- **DATA SUPPLIED**
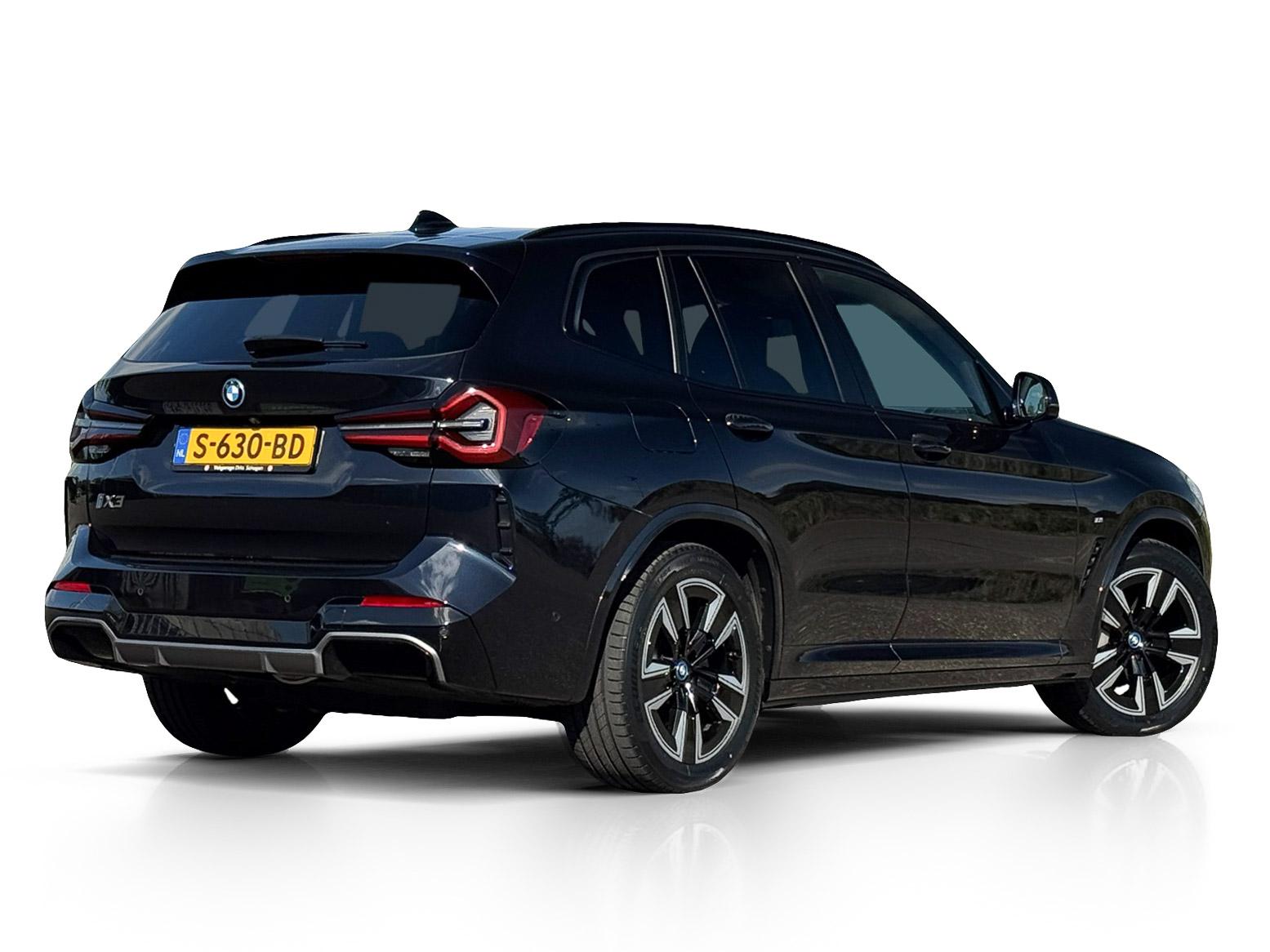 Foto van BMW Ix3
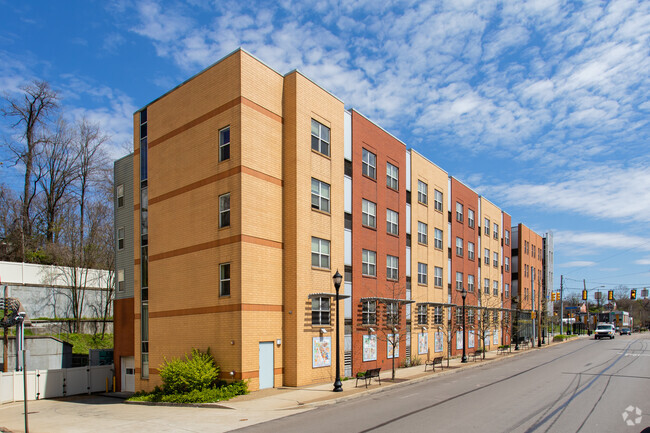 Building Photo - The Avenue Apartments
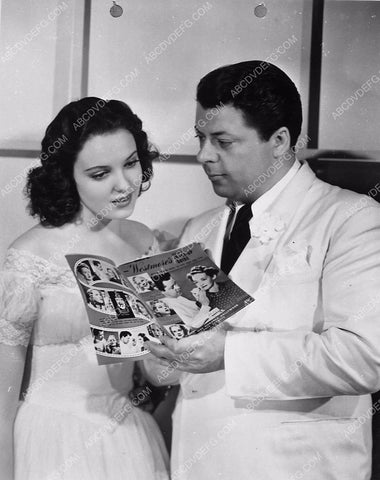 candid Linda Darnell & Ern Westmore go over makeup techniques in his magazine 5765a-18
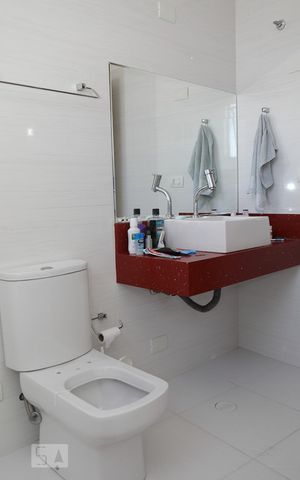 Casa à venda com 282m², 3 quartos e 6 vagasBanheiro do Quarto 1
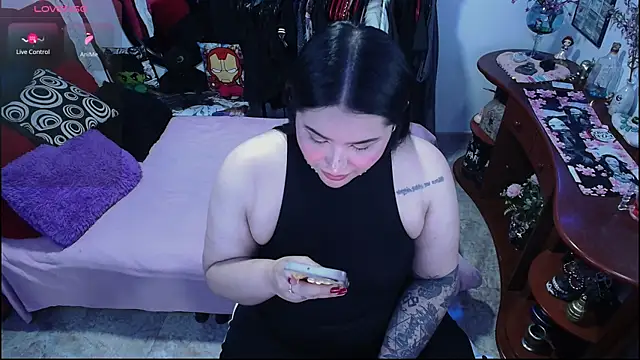 Snapshot of lufek23 chatting on November 26, 2025, 10:32 pm lufek23 online show from November 26, 2025, 10:32 pm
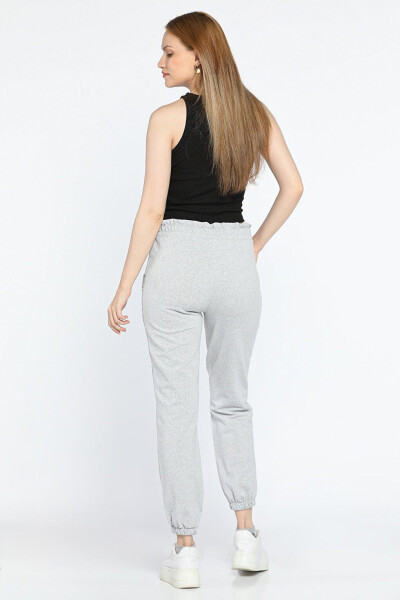 Women's Jogger Pants with Elastic Waist and Cuffs and Pockets - 3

- **WHAT IS EXPECTED**
Without including any pictures, please restate all the records exactly.

- **SOLUTION TO THE PROBLEM**
 Foto van BMW Ix3
 Building Photo - The Avenue Apartments
 candid Linda Darnell & Ern Westmore go over makeup techniques in his magazine 5765a-18
 Casa à venda com 282m², 3 quartos e 6 vagasBanheiro do Quarto 1
 Snapshot of lufek23 chatting on November 26, 2025, 10:32 pm lufek23 online show from November 26, 2025, 10:32 pm
 Women's Jogger Pants with Elastic Waist and Cuffs and Pockets - 3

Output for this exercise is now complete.